Back in 2002, Gäfgen kidnapped an 11-year-old boy, Jakob von Metzler, whom he then murdered. Without disclosing that Jakob was dead, Gäfgen demanded a ransom of €1 million from the child's wealthy parents. He collected the ransom, and was arrested soon after. The police, who thought Jakob was still alive, demanded to know where he was hidden. Gäfgen refused to say. According to Gäfgen's lawsuit, they beat him, then told him a torture specialist was being flown in, a man whose training would enable him to "inflict more pain on me than I had ever experienced." At that point he confessed, telling the police that the boy was dead and where his body could be found.
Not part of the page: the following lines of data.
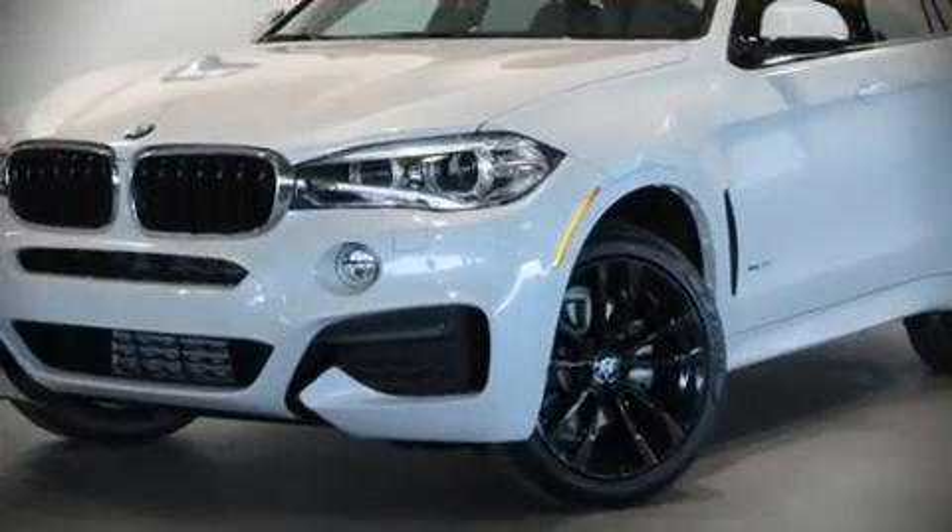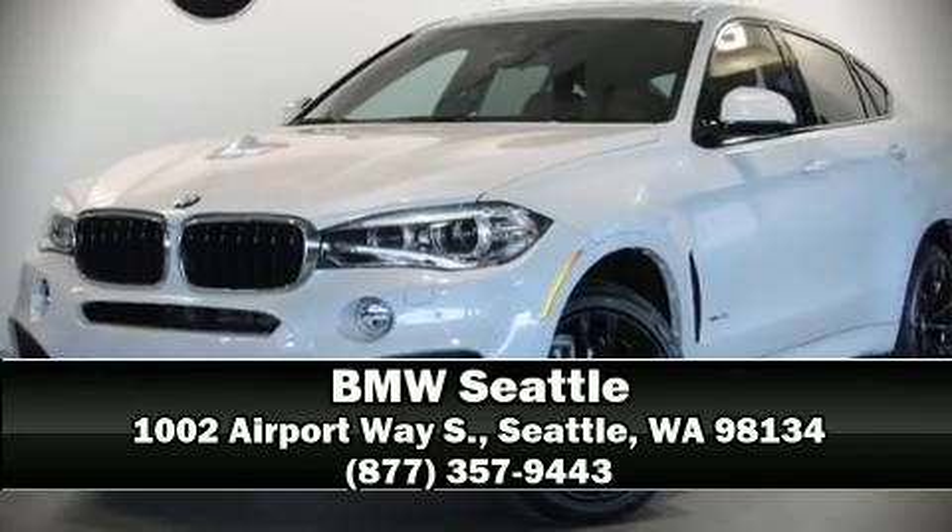Our sales reps are knowledgeable and professional. Come on in and take a test drive.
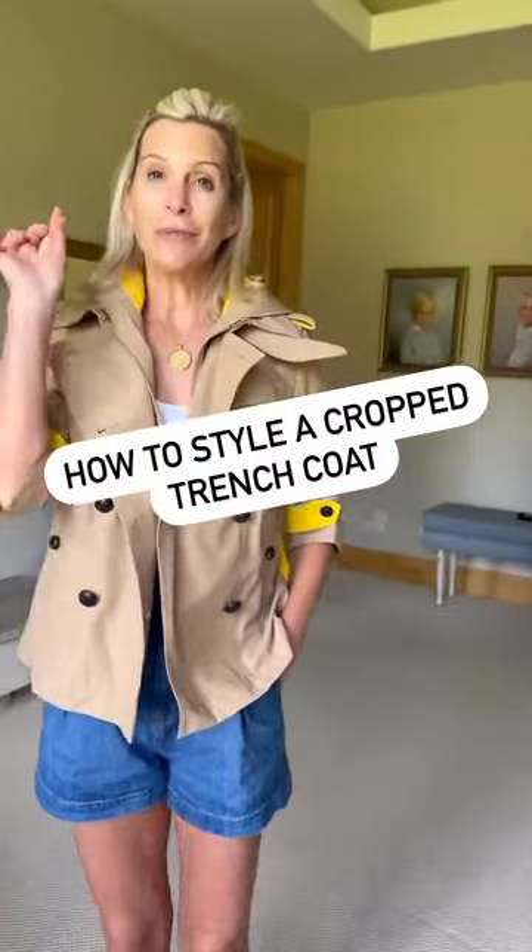Here's a trick for you: if it is raining but it's muggy and hot, how about a cropped trench coat? If you had on a long trench coat and styled it with shorts, you would look like you were naked. So I'm going to show you this and two other ways how you can style a little cropped trench.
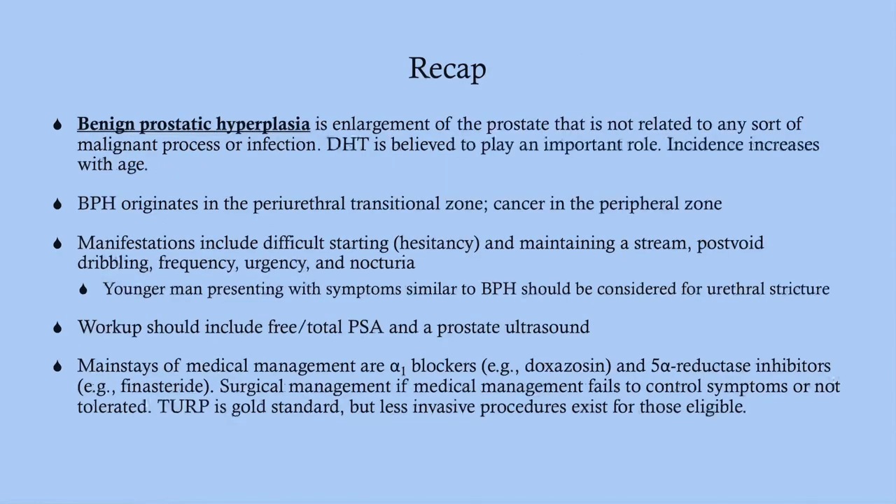To recap: BPH is enlargement of the prostate unrelated to malignancy or infection; DHT plays an important role and is targeted in management. BPH originates in the periurethral transitional zone while cancer originates in the peripheral zone. Symptoms are urinary — hesitancy, weak stream, post-void dribbling, frequency, urgency, and nocturia. Workup includes free and total PSA and prostate ultrasound. First-line therapy is alpha-1 blockers, followed by 5-alpha reductase inhibitors. TURP is the surgical gold standard.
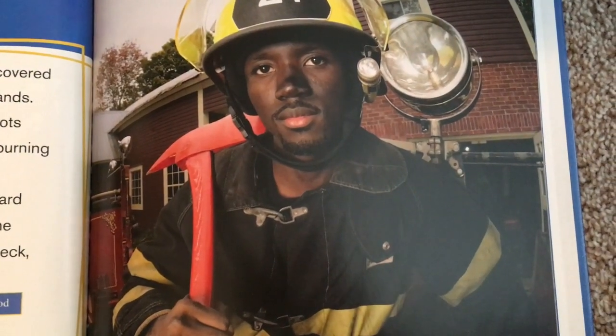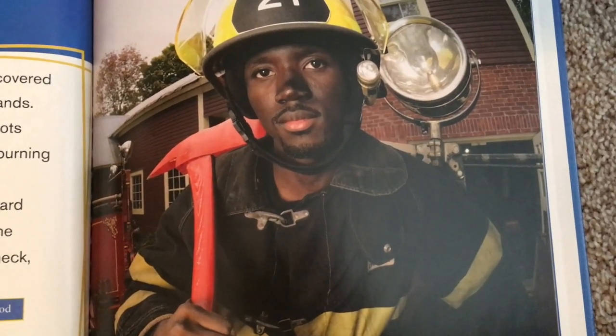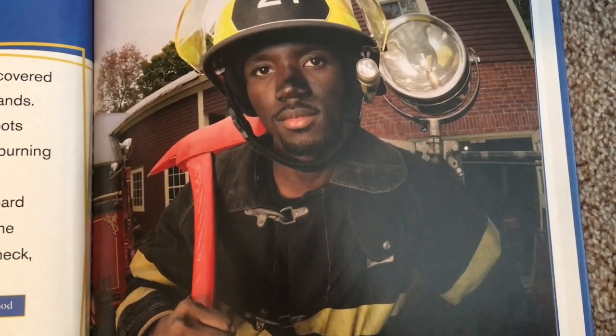Firefighters need to keep every part of their body covered to stay safe from fire. They wear thick gloves on their hands and thick boots on their feet. Gloves and boots keep a firefighter's hands and feet safe as they enter a burning building or wildfire.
Now, I am not endorsing what the authorities did in interrogating Gäfgen, but I do think it provides evidence — which should hardly be necessary — that, if the goal is to obtain information, torture sometimes works. Let me repeat that: If the goal is to obtain information, torture sometimes works. I am not saying that I like torture. I am not saying we should do it — I think we shouldn't. But to rest the moral argument against torture on the proposition that it doesn't work eventually starts to sound silly …

Read more at the Daily Beast.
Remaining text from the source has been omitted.